On Minera IRL internal politics
If you managed to get
through all that lot (and I apologize for the length of the piece, but this
time it’s unavoidable) it’s not going to come as much of a surprise when I tell
you that there’s friction inside IRL at an officer level. There are plenty of
anecdotal comments I could bombard you with to back up that statement as I’ve
heard no end of negative comments about person or persons X about person or
persons Y recently, sometimes veiled comments and sometimes starkly unveiled.
But I’m not going to go there, I’ve learned from experience to keep out as much
as possible of the personal ego-driven side of internal corporate politics, especially
when I’m a mere third-party outsider looking in.
What we know, or can
easily deduce, is another matter:

  • There is bad blood
    between Interim CEO Diego Benavides and Executive Chair Daryl Hodges.
  • Hodges does not want to
    ratify Benavides as CEO. That’s clear from his answers to me, to the community
    and it’s a glaringly obvious omission from the agenda of the company’s AGM
    coming up on August 27th.
     This implies that he
    wants the job himself. In fact I’d bet large amounts of money on that one.
  • If this came to pass and
    then Diego Benavides decided to stay with the company, it means Benavides would
    be in a subordinate role to Hodges.

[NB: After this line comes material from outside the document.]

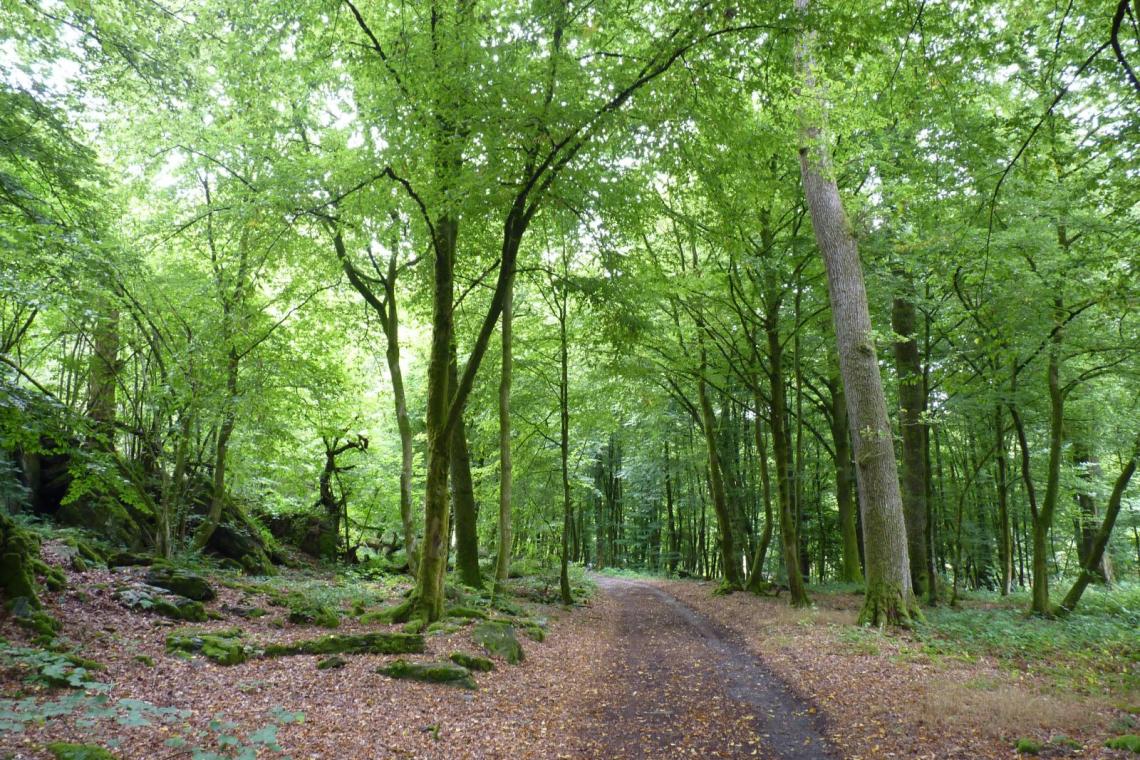 Parc naturel de l'Ardenne méridionale, Tourisme, zéro carbonne, randonnée, Arrêts Verts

With Hodges recently arrived at the company
    (made director in early 2014) and Benavides a founder of Minera IRL, the
    tensions would be obvious to anyone.
  • However Hodges seems to
    enjoy the tacit support of the corporate backers of IRL (to generalize,
    “the
    London
    people”) as witnessed in May 2014 when he received the highest number of
    ratification votes as director (around 51m) of all the board.
  • Hodges has also made it
    clear he wants to “change” the company and the way it does business.
    We’ve yet to see what that means.
If it were just a type
of Venn Diagram of politics, with Daryl Hodges and his camp one side, then
Diego Benavides and his camp on the other side, then the company, the Ollachea
project and its community in the middle, then it would be difficult to make a
truly objective call on what was going on, who was in the right, who was in the
wrong.

Hodges says this, Benavides says that.
Benavides wants IRL to do business in manner X (that one we
basically know, status quo), Hodges wants IRL to do business in manner Y
(changes).

The community says it’s against Hodges as company head
(that’s a fact), but while Camp Benavides says it’s the way Hodges has treated them
(implication: permanent mess), Camp
Hodges
says that
Benavides has turned the community against him for his own nefarious reasons
(implication: situation can be repaired).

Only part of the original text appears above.